AI contract review software can help teams find important clauses, extract contract data and review agreements faster. The challenge is choosing a tool that fits the business problem rather than buying a broad AI feature that nobody uses.
A good buyer checklist starts with the contracts, workflows and risks that matter most to your team.
Define the review problem
Start by deciding what the software needs to do. Common use cases include finding renewal dates, identifying unusual clauses, reviewing third-party paper, comparing documents against a playbook, extracting obligations and building a contract database.
The more specific the use case, the easier it is to test whether a tool is accurate enough.
Check workflow fit
AI review is most useful when it fits the way contracts already move through the business. Consider intake, document upload, review assignment, comments, approval routing, signature, storage and reporting. A strong tool should reduce manual handoffs rather than create another place to check.
Ask about accuracy and human review
No AI system should be treated as perfect. Ask how outputs are verified, where confidence scores appear, how reviewers can correct results and whether those corrections improve future workflows. Human sign-off is especially important for legal risk, unusual terms and high-value contracts.
Review security and data controls
Contracts often include personal data, pricing, confidential information and strategic plans.

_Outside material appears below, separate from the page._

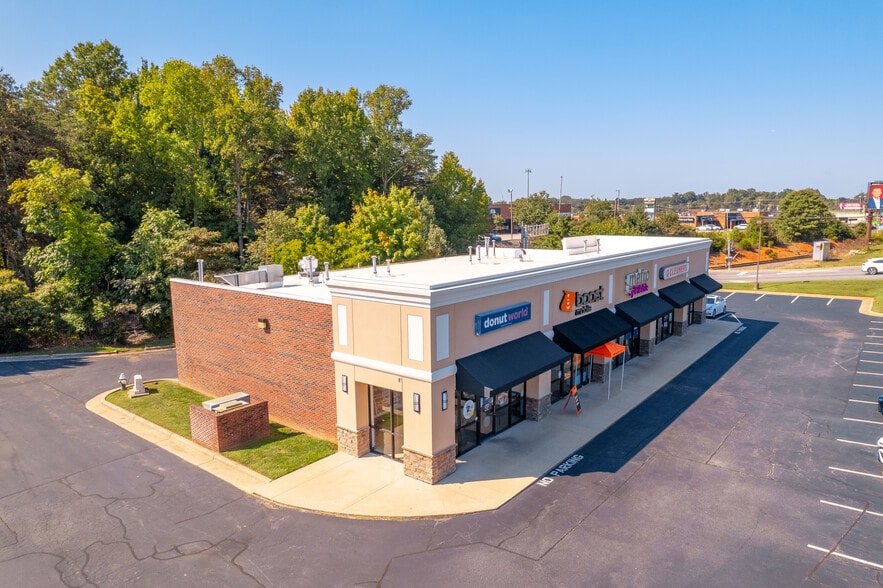 More Photos Of 5529-5559 W Market St, Greensboro Storefront For Lease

Check access controls, audit logs, data retention, sub-processors, hosting, encryption and whether your documents are used to train models.
Measure success
Useful metrics include review time, number of contracts processed, data extraction quality, missed renewals avoided, approval delays reduced and the percentage of contracts with complete structured data.
This article is general information, not legal advice.
The opinions on this page are for general information purposes only and do not constitute legal advice on which you should rely.